_Problem requirements_.
Transcribe the lines exactly, beginning with the one that contains "Mezzanine view over" and ending with the final line of the records. Do not transcribe pictures.
::: Dataset entries
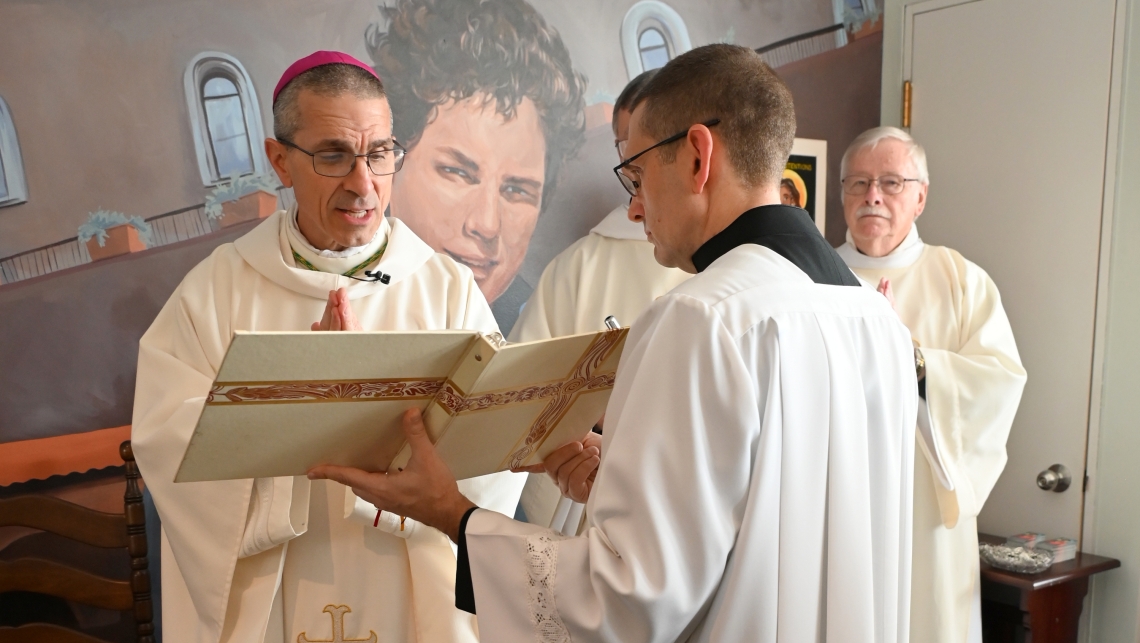 Bishop Ruggieri offers a prayer during the chapel blessing.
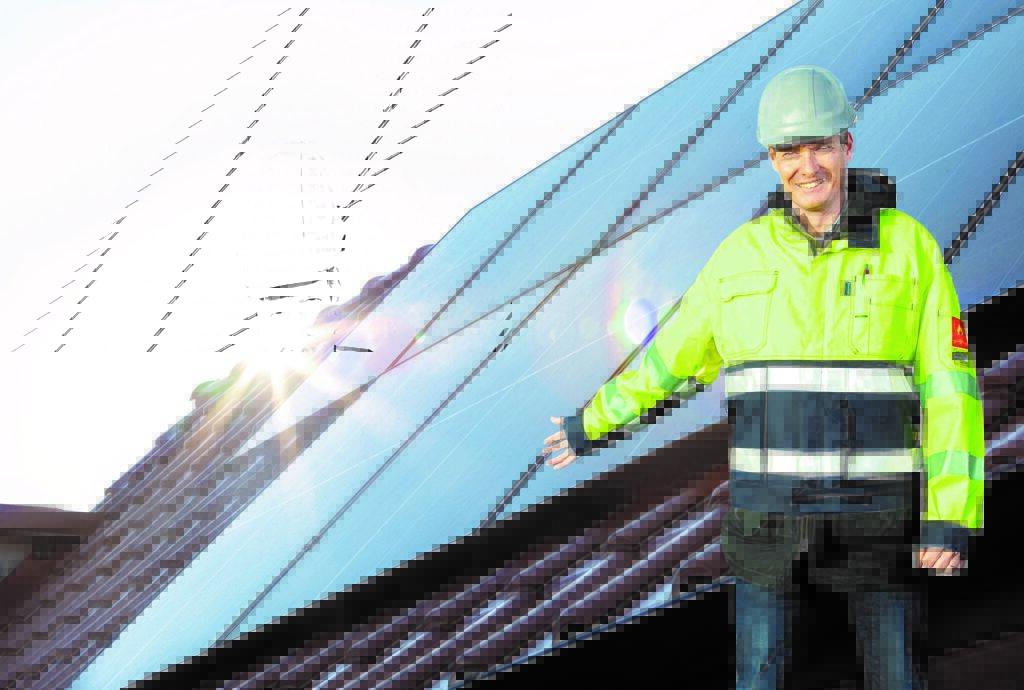 En man i varseljacka står framför ett tak med solceller.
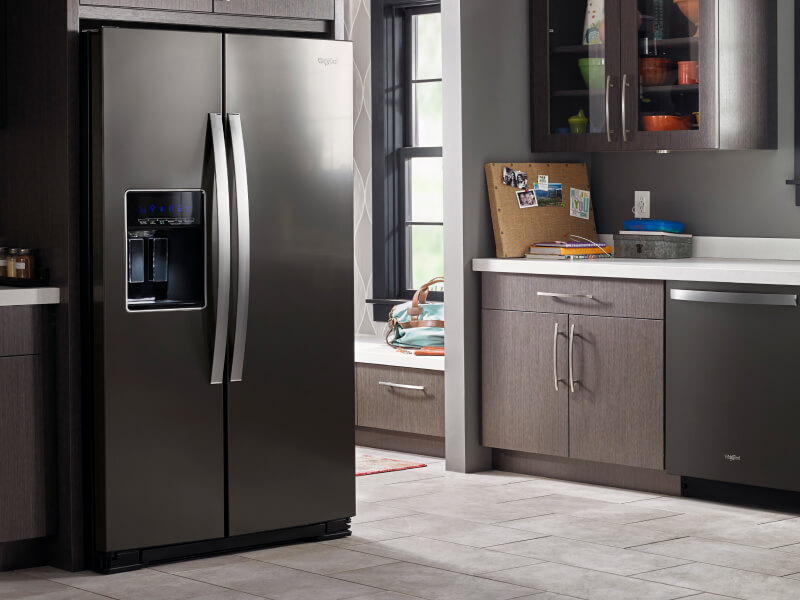 A darker kitchen with a black Whirlpool® Refrigerator and dishwasher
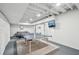Entertainment area featuring a ping pong table, television, and a comfortable seating area at 2193 Cloverdale Se Dr, Atlanta, GA 30316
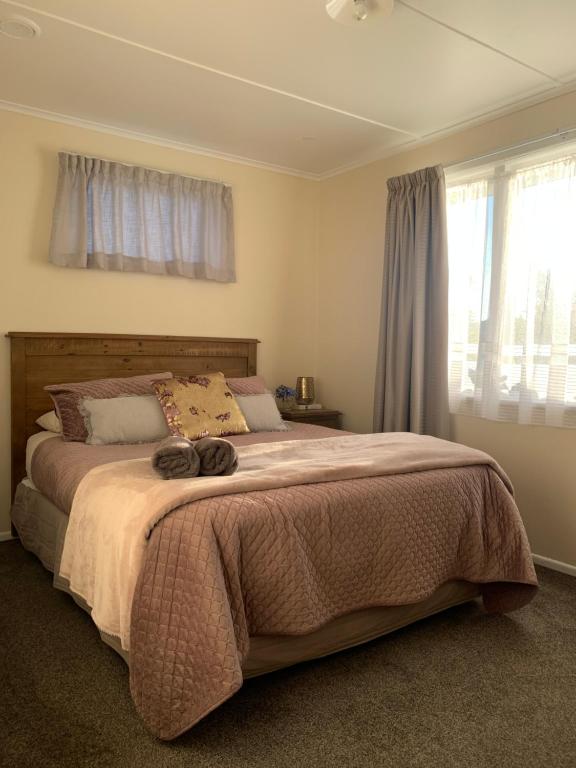 a bedroom with a large bed with a large window at The Homestead - cosy 3 bedroom house in Rotorua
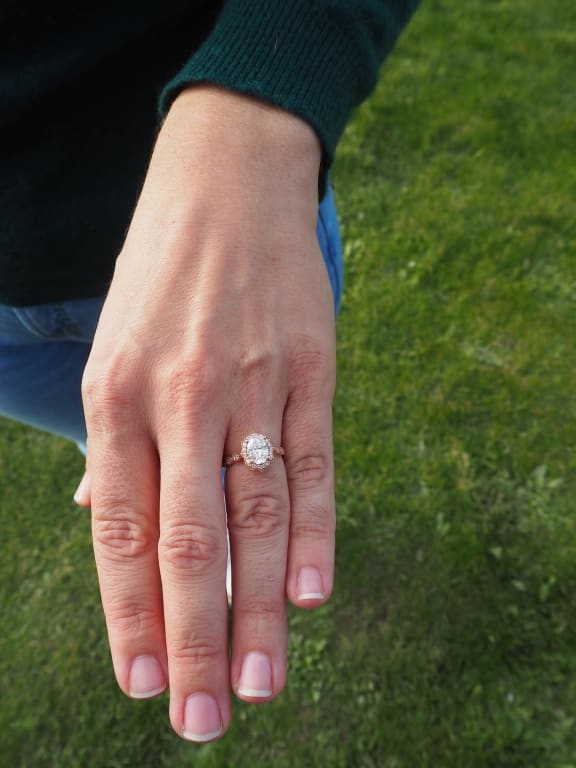 Oval diamond ring on hand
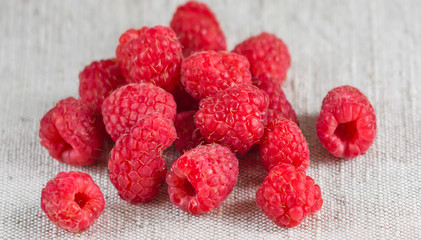 Macro of fresh ripe raspberries on the textile background in rustic style
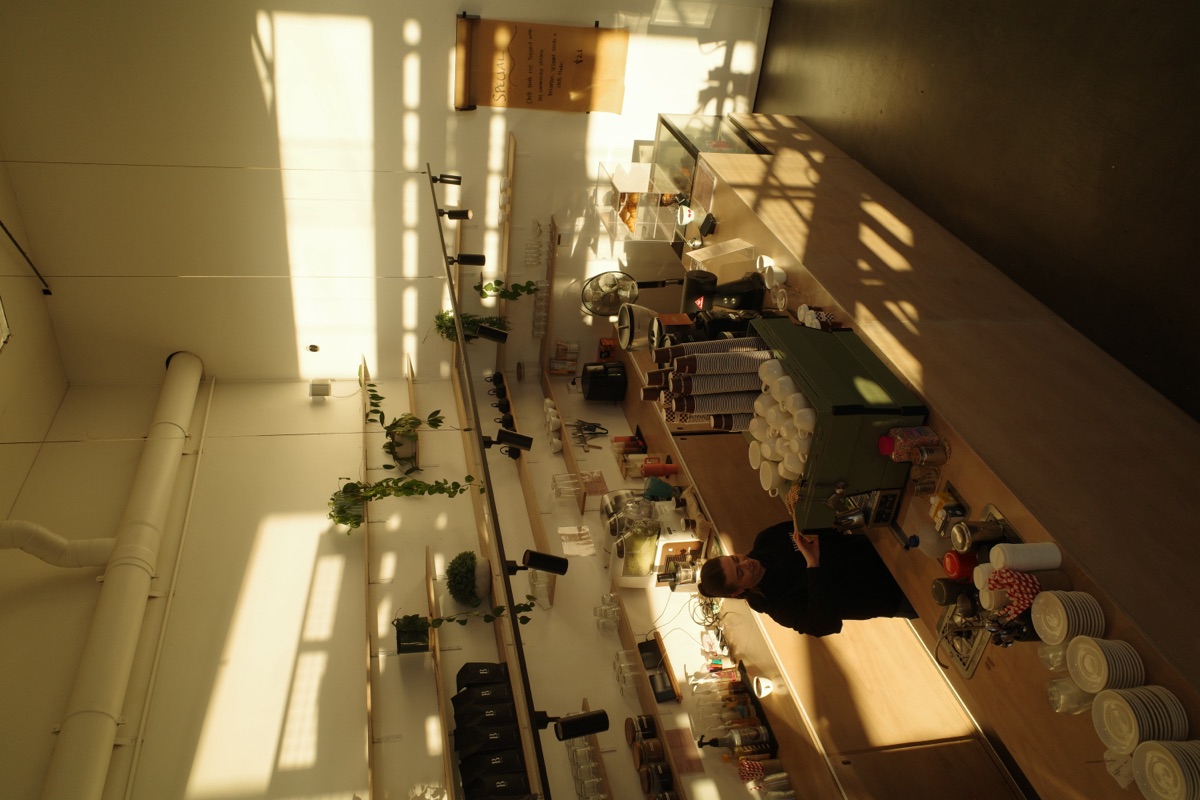 Mezzanine view over the Refinery Coffee cafe counter and barista
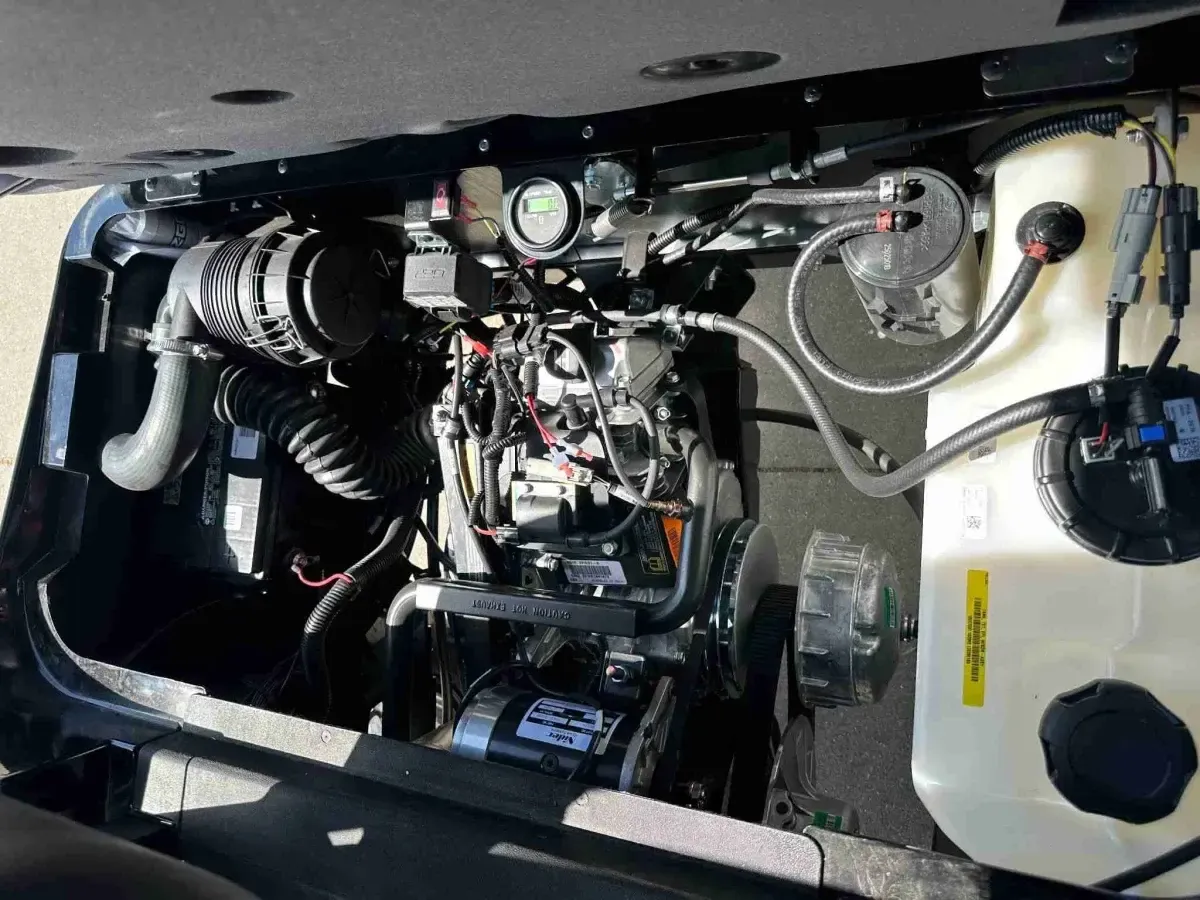 13.5 hp fuel-injected petrol engine of the 2027 E-Z-GO Express 4 Summit XT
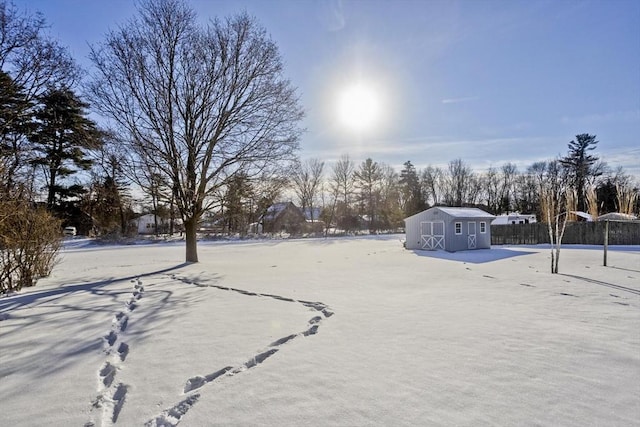 yard layered in snow featuring a storage unit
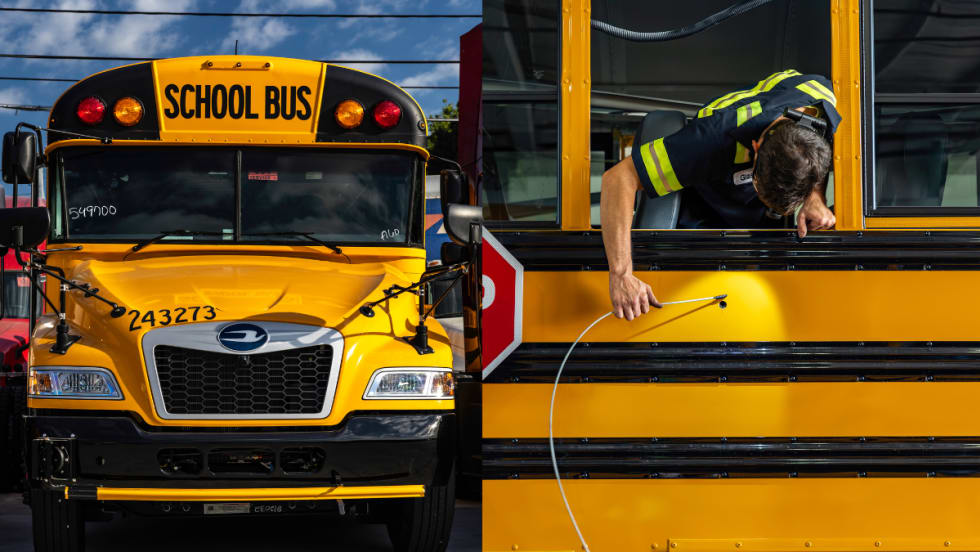 Technician adding lights to a school bus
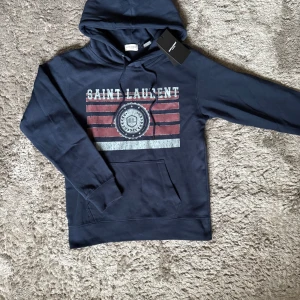 Saint Laurent Hoodie - Elegant hoodie från Saint Laurent i marinblått – prydd med vintageinspirerat tryck och ikonisk logga. En exklusiv statement-piece som kombinerar komfort med lyxig design.  ♦️ Storlek S – slim passform ⚜️ Helt nytt skick med tagg ♦️ Premiumkvalitet i 100% bomull  📦 Fraktas inom 24 timmar & trygg affär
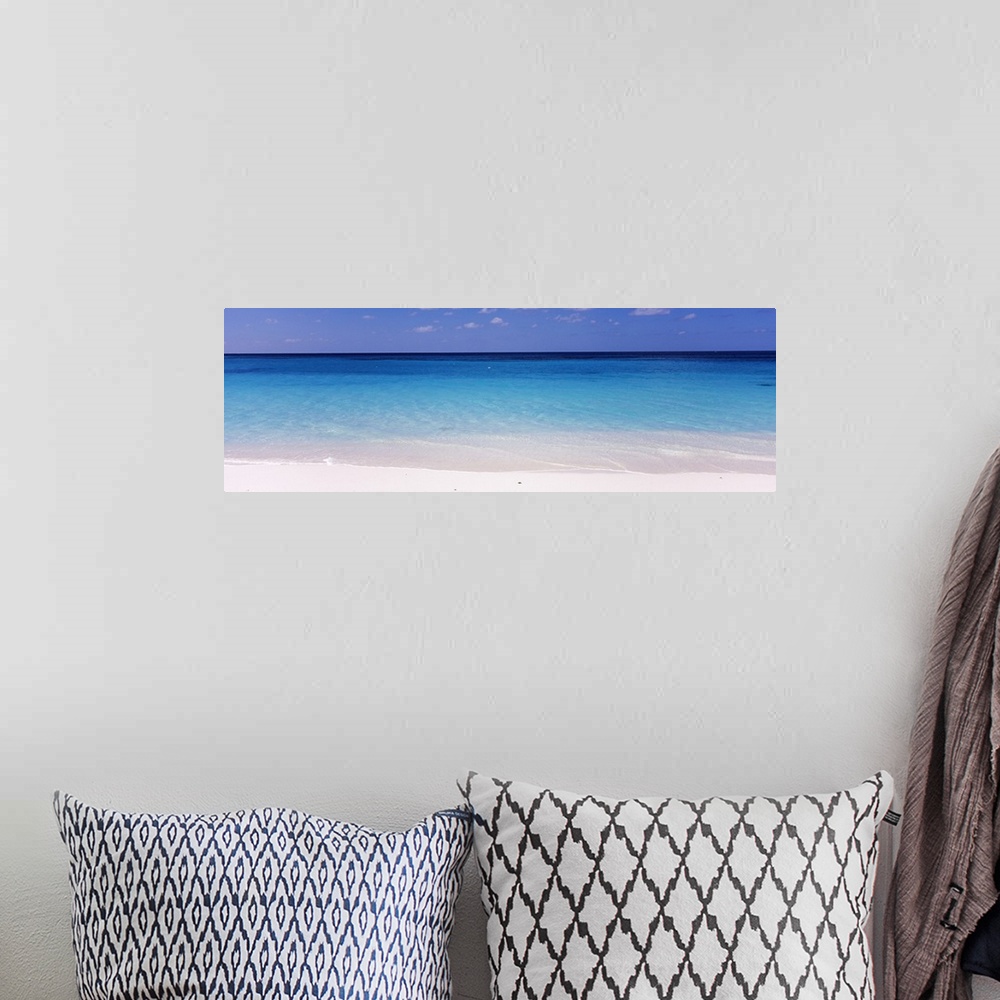 A bohemian room featuring In this large panoramic photograph crystal clear water trickles onto a white sand beach in Shoal ...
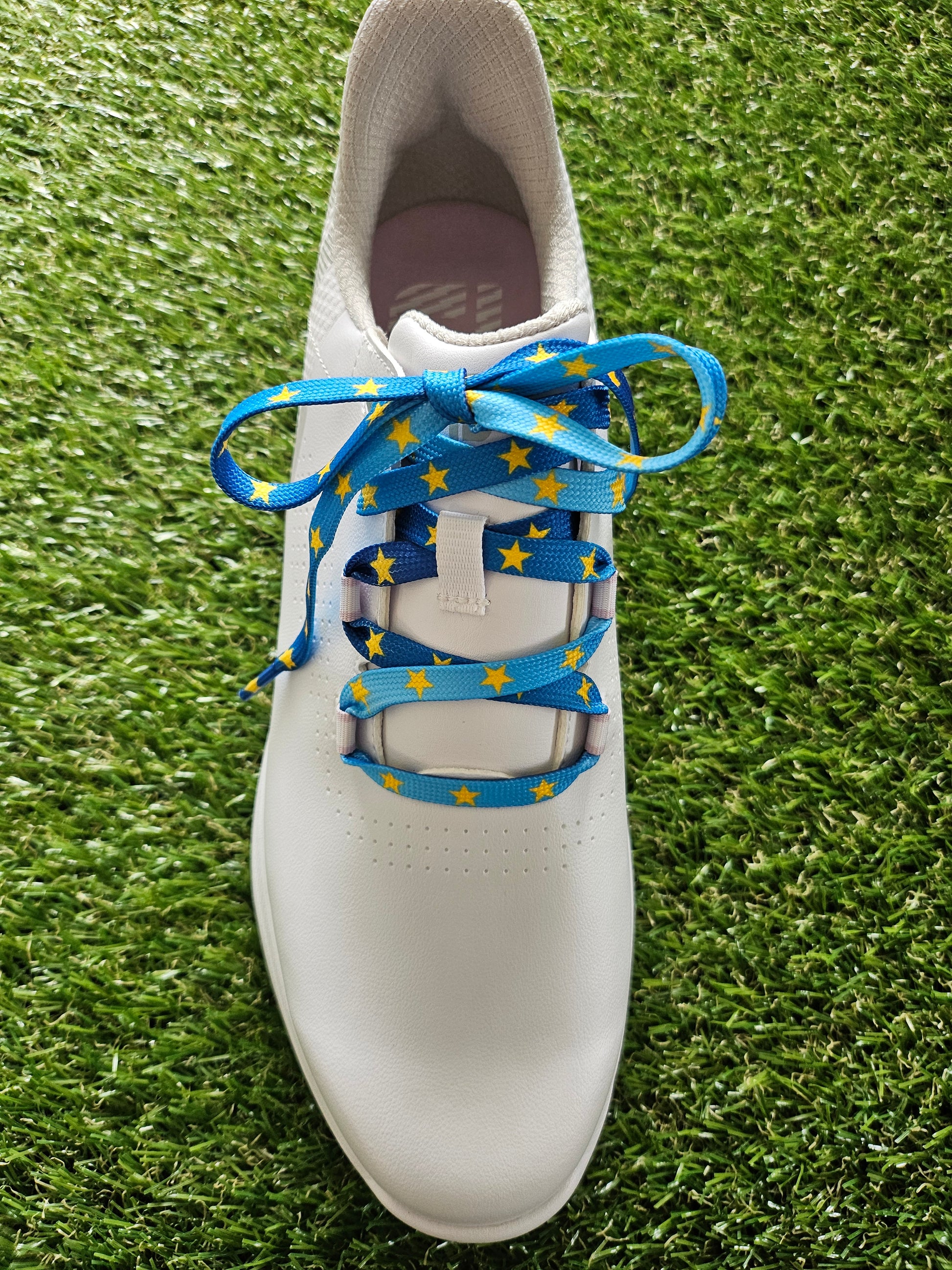 White golf shoe with blue shoelaces featuring yellow stars on a grass background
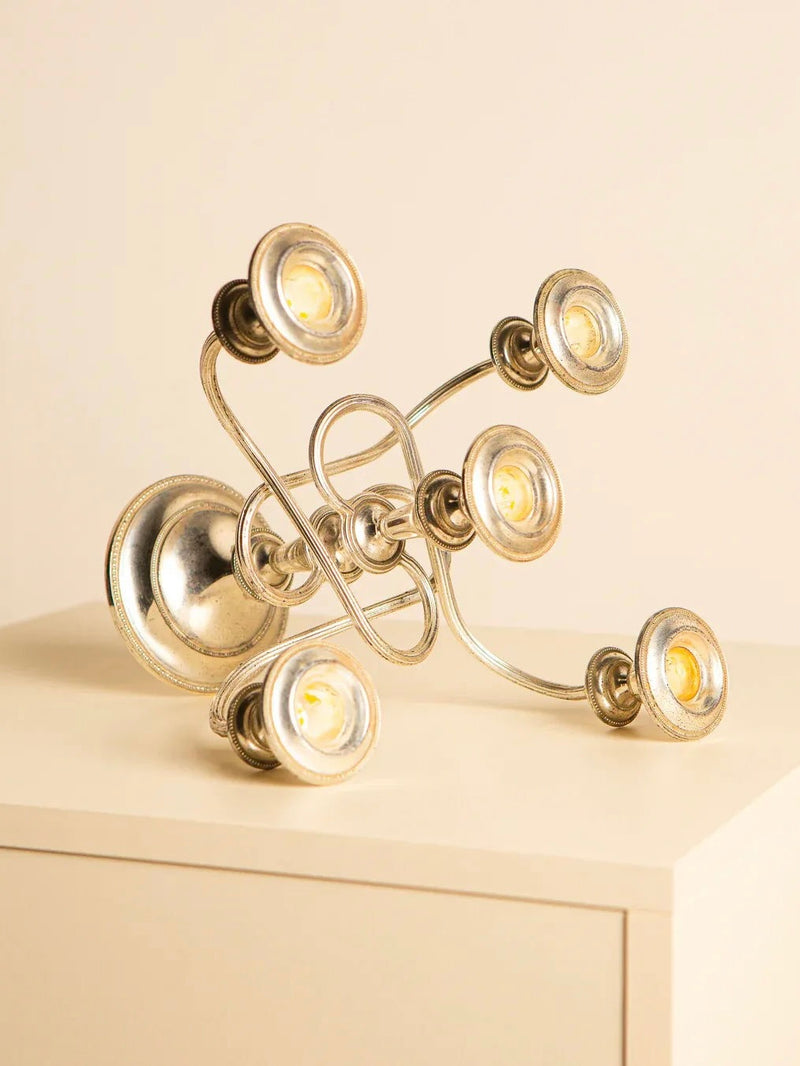 A contemporary abstract metal sculpture, echoing the Treaptyque "Medusa" 60's Italian Candlestick, showcases intertwining loops that support six small circular lights. Displayed on a beige surface against a neutral background, it radiates originality and versatility with a gentle homage to retro aesthetics.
::::::
_Exercise result_.
 Mezzanine view over the Refinery Coffee cafe counter and barista
 13.5 hp fuel-injected petrol engine of the 2027 E-Z-GO Express 4 Summit XT
 yard layered in snow featuring a storage unit
 Technician adding lights to a school bus
 Saint Laurent Hoodie - Elegant hoodie från Saint Laurent i marinblått – prydd med vintageinspirerat tryck och ikonisk logga. En exklusiv statement-piece som kombinerar komfort med lyxig design.  ♦️ Storlek S – slim passform ⚜️ Helt nytt skick med tagg ♦️ Premiumkvalitet i 100% bomull  📦 Fraktas inom 24 timmar & trygg affär
 A bohemian room featuring In this large panoramic photograph crystal clear water trickles onto a white sand beach in Shoal ...
 White golf shoe with blue shoelaces featuring yellow stars on a grass background
 A contemporary abstract metal sculpture, echoing the Treaptyque "Medusa" 60's Italian Candlestick, showcases intertwining loops that support six small circular lights. Displayed on a beige surface against a neutral background, it radiates originality and versatility with a gentle homage to retro aesthetics.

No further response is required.